Sentence of the Week: Week 5

“…is thought to work by…”

If you have read, seen, or heard a drug company promote its products recently, you’ve heard this phrase. Watch this commercial from Pristiq, an anti-depressant from Pfizer. The phrase occurs at the 26-second mark.

Pristiq is not alone in this trend. Check out Avastin for colorectal cancer; Abilify for depression, bipolar disorder, and schizophrenia; Lyrica for diabetic nerve pain; and Lunesta for insomnia. They all are “thought to work,” “believed to work,” or “may work” in specific ways. But the marketers never claim any of them “definitely work,” “actually work,” or are “proven to work” in any way whatsoever.

When I first heard “Pristiq is thought to work by affecting the levels of two chemicals in the brain: serotonin and norephinephrine,” I sat up and said, “Huh?”

You may have had a more erudite response, but I just couldn’t imagine that Pfizer’s lack of conviction about how their product worked could lead to any level of consumer confidence in its efficacy. Isn’t this the first rule of sales? You have to believe in the product to sell it? How can you believe in a product when you don’t even know how it works?

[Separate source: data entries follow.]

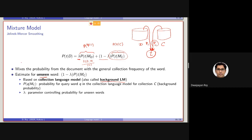Why background? Because considering a collection having say 100,000 documents, we are computing the collection language model against one document. So from one document, it is 1 versus 100,000 — you can consider it's the entire background. That's why it is called the background language model. So the probability of Q given the collection language model MC is basically the probability of the query word Q in the collection language model when the collection is C.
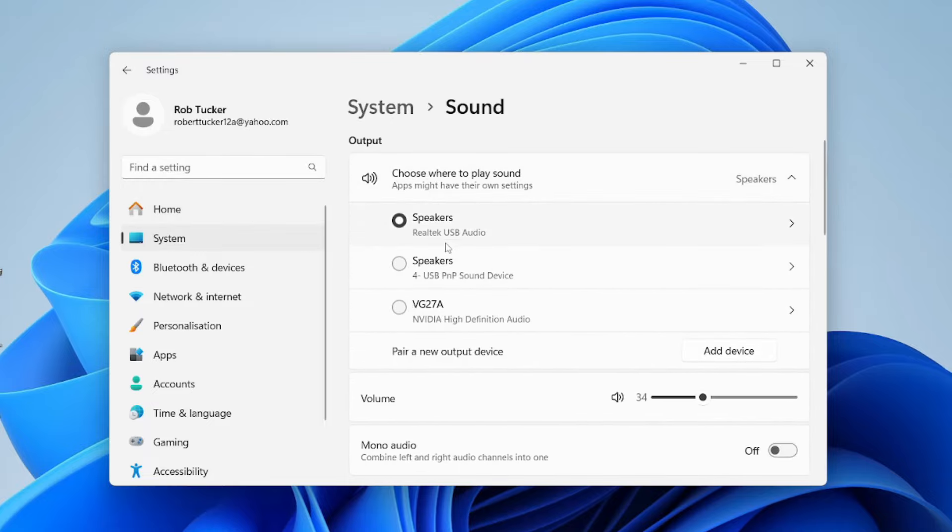You need to make sure you select the speakers you've just plugged in. In this case, I've selected my speakers, Realtek.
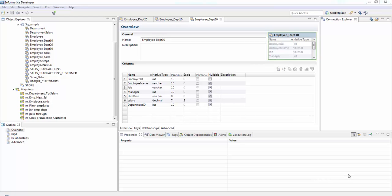In this session we'll see about router transformation. Router transformation is an active transformation that routes data into multiple output groups based on one or more conditions. If you need to test the same input data based on multiple conditions, use a router transformation rather than creating multiple filter transformations, because creating one router transformation is more efficient.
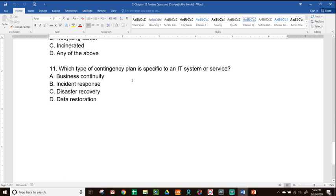Number eleven: what type of contingency plan is specific to an IT system or service? When talking about an entire IT system within a building, corporation, or business, we're not talking about one specific incident but an entire disaster. So this is disaster recovery — a Disaster Recovery Plan.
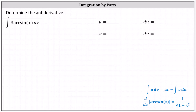Recall the integration by parts formula is the integral of u dv equals uv minus the integral of v du. We'll let u equal the integrand function of 3 arcsine x, which indicates dv must equal dx.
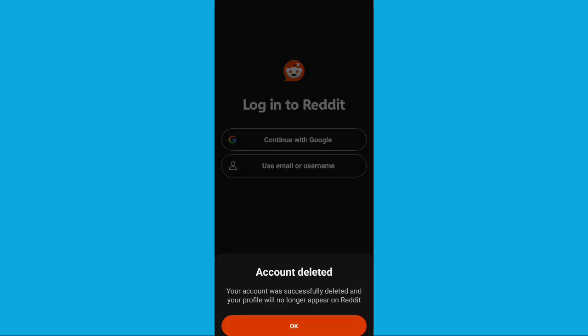There you go. It says account deleted. You can't retrieve it anymore. It's instantly deleted.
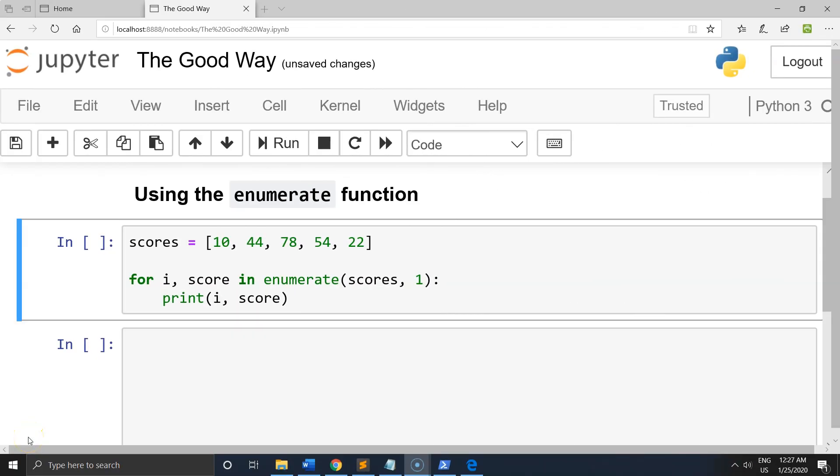If you want to properly keep track of the index value in a Python for loop, the answer is to make use of the enumerate function like this, which will count over an iterable.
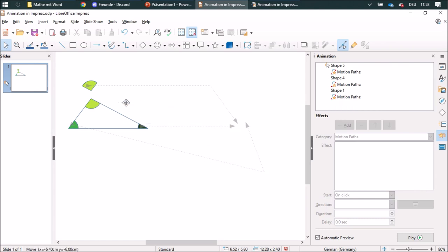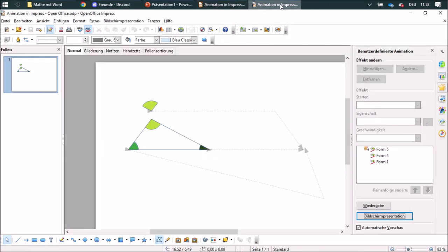Therefore I am using OpenOffice Impress for that. It looks like this and I can do it the same way and create an animation path and it would look like this then.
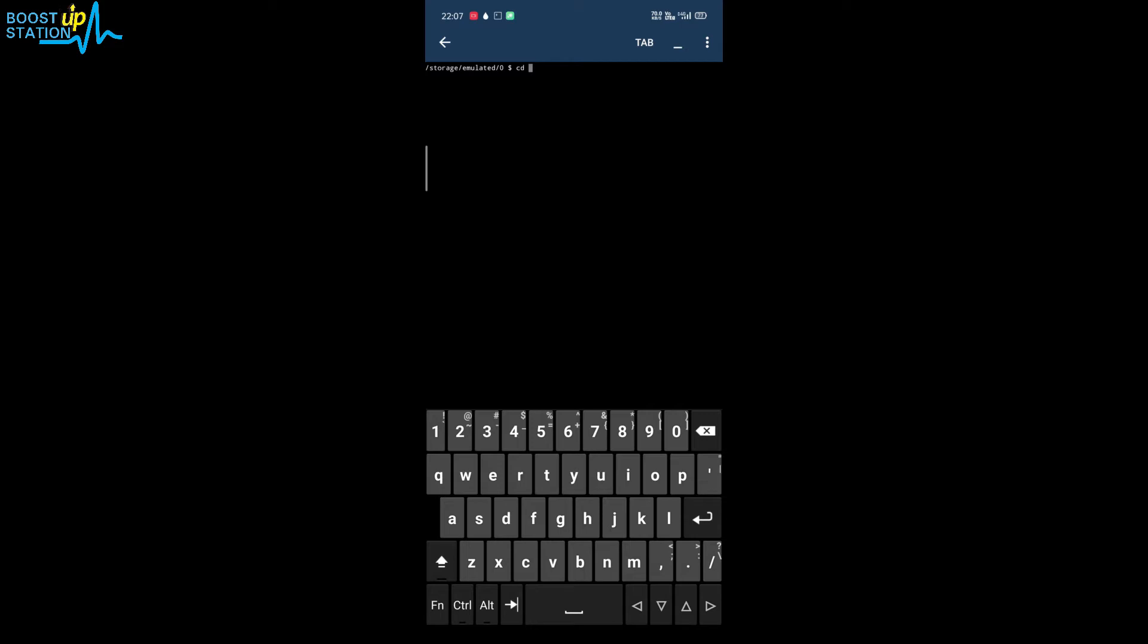Now type cd here, and there is a folder named anaconda in my internal storage, so I'm going to switch to that directory. Now press enter. Just download that anaconda folder from the description and copy paste into your internal storage if you are using Android, and copy paste it into the default location of your terminal. You can get that by pwd. Here you can see where you have to paste these files.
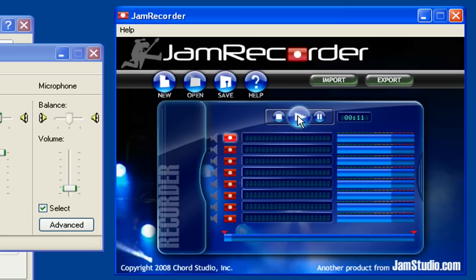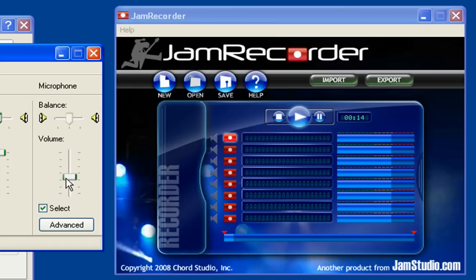As you can see, the levels are too low. Let's boost them and re-record. Now it's too loud, causing some distortion. So let's turn it down just a bit to get a nice difference. That should be good.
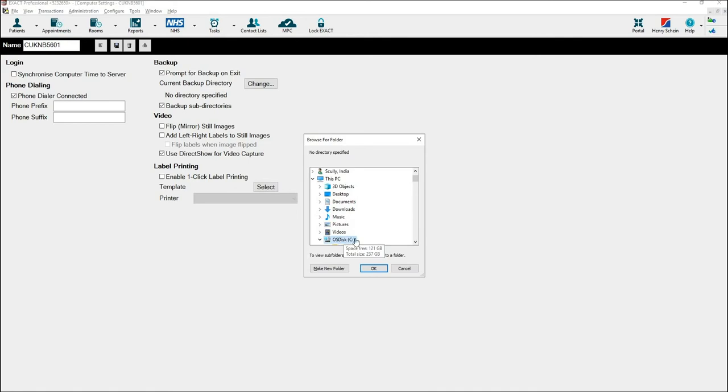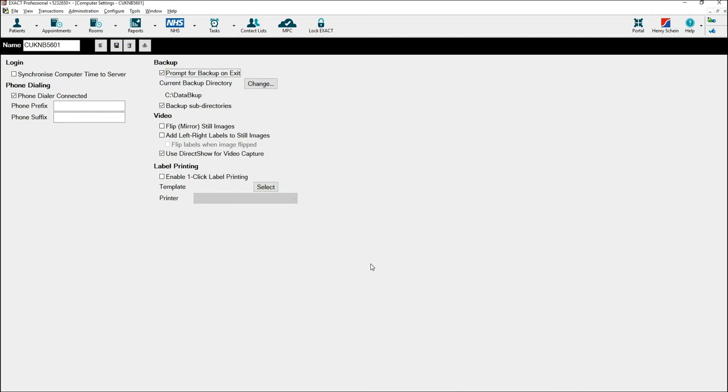Choose a location on your computer. In this instance I am going to use the C drive, and select OK. I have now set my backup to run to the Data Backup folder on the C drive of my computer.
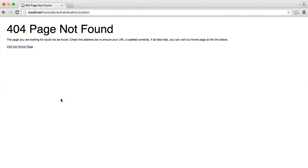All we see at the moment within our application, although we have done a lot of setup, is just this 404 page not found. This is because we don't have a route for our home page, and we also don't have things like the ability to store and render views. So what we're going to be doing in this part is setting up a route for the home page, and we're going to be using Twig templating to render this page.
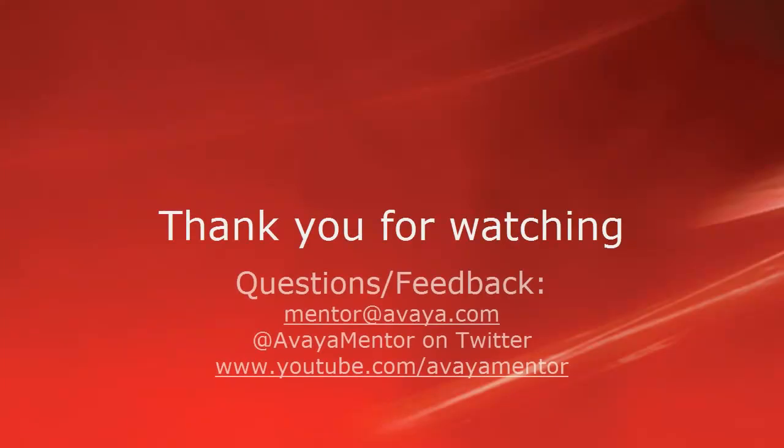Thank you for your time today. We hope this information was useful. We welcome comments, questions, and feedback at mentor at avaya.com or on Twitter at Avaya Mentor. Thank you for choosing Avaya.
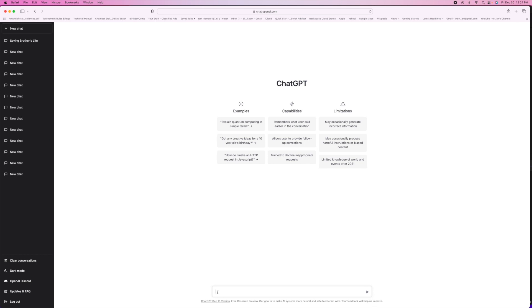Over here it's got every question that I've already done and you can go back and look at the history. But anyway, you can clear all the conversations here by just clicking there.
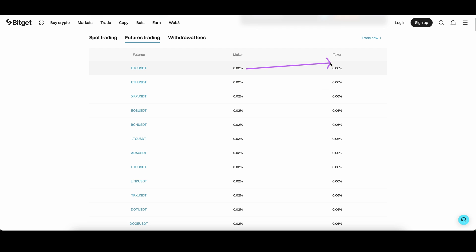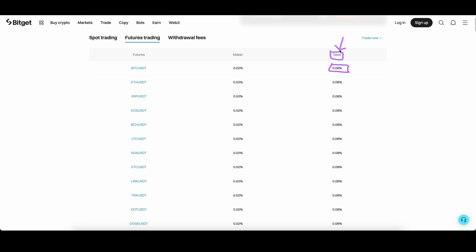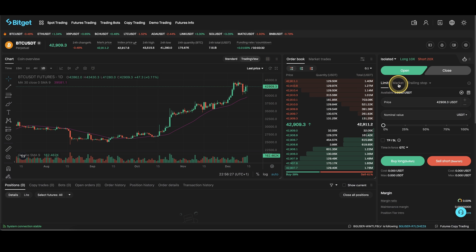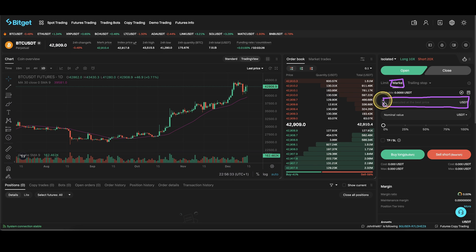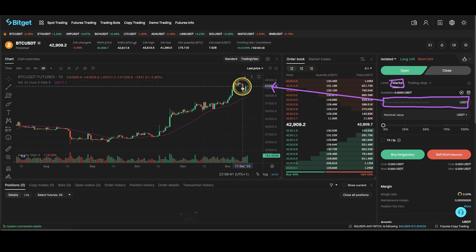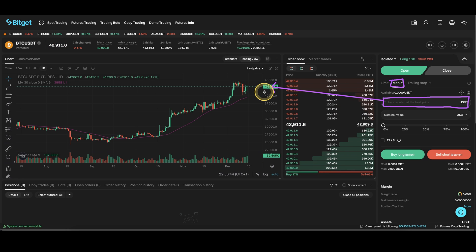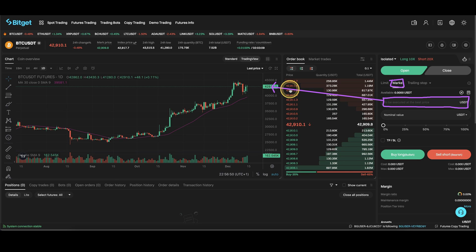On the other hand there's also the taker fee which is a bit higher, at 0.06%. This fee we always have to pay when using a market order. With a market order you cannot set any price because it will be executed immediately at the current market price. The downside is the fee is a little bit higher, but on the positive side you will have a guaranteed execution and can enter the market immediately.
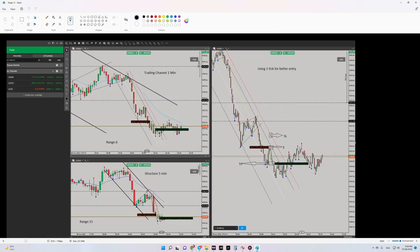Hello everyone, hope you are well. It's Yasin. I'm going to share with you my latest trade on S&P 500. The date of trade was June 6th, yesterday, so let's begin.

Imagine if you read the following statement in a press release: “The new Caterpillar D Series Mini Hydraulic Excavator, model 305D CR, is thought to have heavier counterweights that may enhance machine stability and might allow increased lift capacity.”

Are there any products that undergo a more rigorous testing procedure than drug products? But every other product makes a far more definitive claim than these do.

The whole thing makes me want to join Tom Cruise and the other nutcases over at the Scientology lab, who disbelieve in any drug therapy apparently because they flunked chemistry in high school. The only reason I don’t join up, of course, is these stupid drugs actually work and help people, in spite of what they tell you in their own commercials.

Oh yeah. Don’t even get me started on the passive voice in this sentence.